The other leg, we can call it the classic MUF phalanx, wants a certainly independent service, but much less public because they hate the State on principle. They think that media diversity is important. But they do not see that the world has changed, and that their proposals in the current scenario are much more dangerous than before.

It gets weird when you can’t discuss public service without the f-word being immediately dismissed as a final comment.

The big risk right now is not that Ulf Kristersson makes a Viktor Orbán and replaces the CEO of SVT Hanna Stjärne with Linus bylund, without a political agreement being reached after a change of government in which M reconciles with KD and SD to drastically limit allocations for public service, without thinking about how the gap behind journalism that later disappears should be filled. Where SD’s ambition to weaken independent journalism clashes with the neoliberals in the MUF phalanx and the power players in the party leadership. It would not turn Sweden into Poland or Hungary, but it would significantly weaken our democracy.

I’m alone an embracing fan of public service. The idea is more important than ever, and the practical function. But I think that the discussion must be based on the right premises. Utility companies don’t do everything right. They are not in themselves a guarantor of democracy, but one of several important pillars. More is needed, such as vibrant private media, and especially dynamic local and regional journalism. How will this be accomplished? No one seems to have a clue about this.

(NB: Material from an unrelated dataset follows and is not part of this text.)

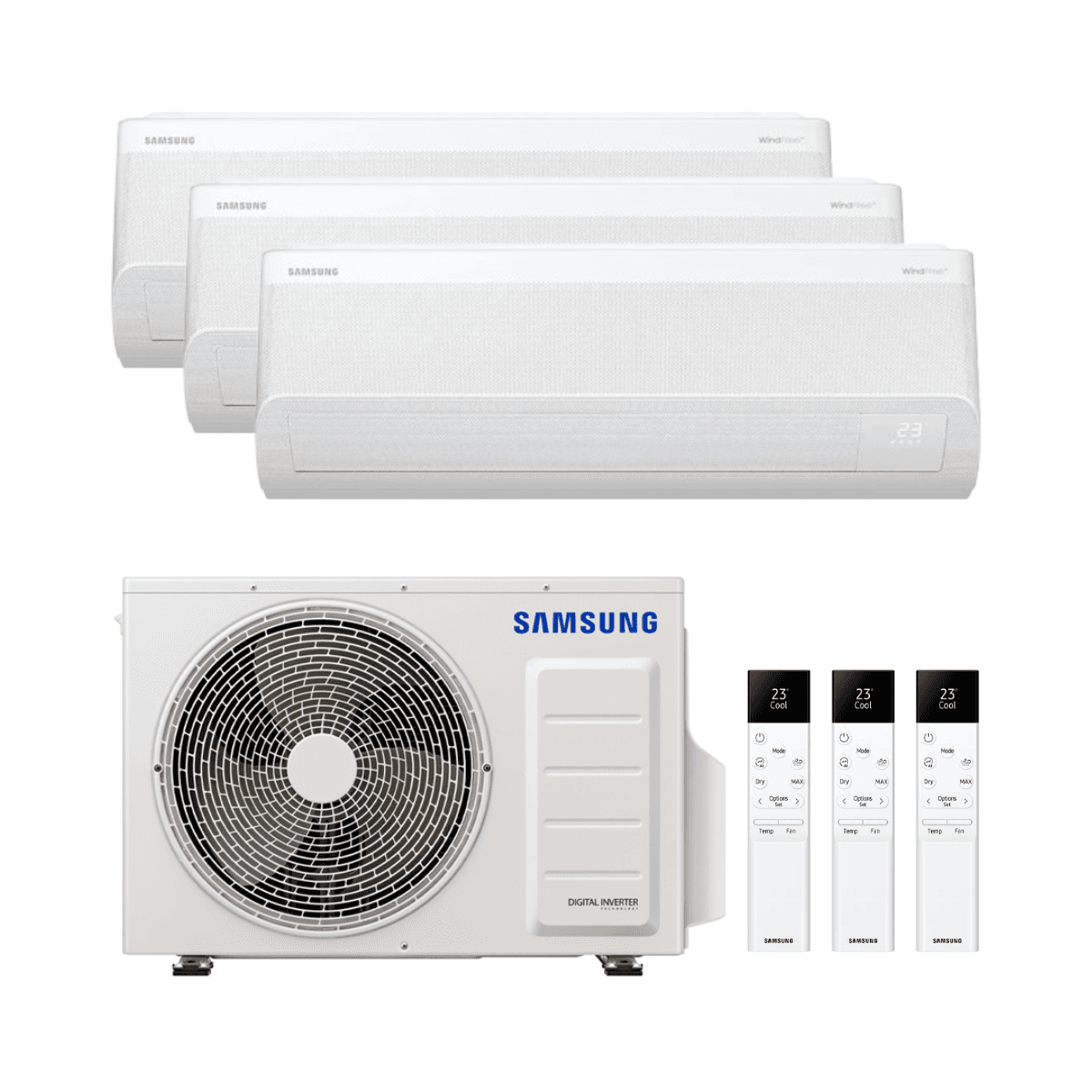 Air Conditioner 3x1 with WiFi 6.8 kW Samsung WindFree Comfort S2 2.5 kW (2) + 3.5 kW with reference KITSAMWINDFREE68-09+09+12 from the brand SAMSUNG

Finally: it gets weird when you can’t discuss public service without the f-word immediately being dismissed as a stop comment. It is also, it must be said, a murky idea that threats to public service should be constitutionalized. Those who want to keep SVT, SR and UR strong and independent companies should be able to take home the discussion of why it matters with the voters. For democratic reasons.

Published:

READ ON

Subscribe to the Kulturen newsletter

Aftonbladet’s cultural editorial staff guides this week’s biggest cultural events and most engaging discussion of ideas.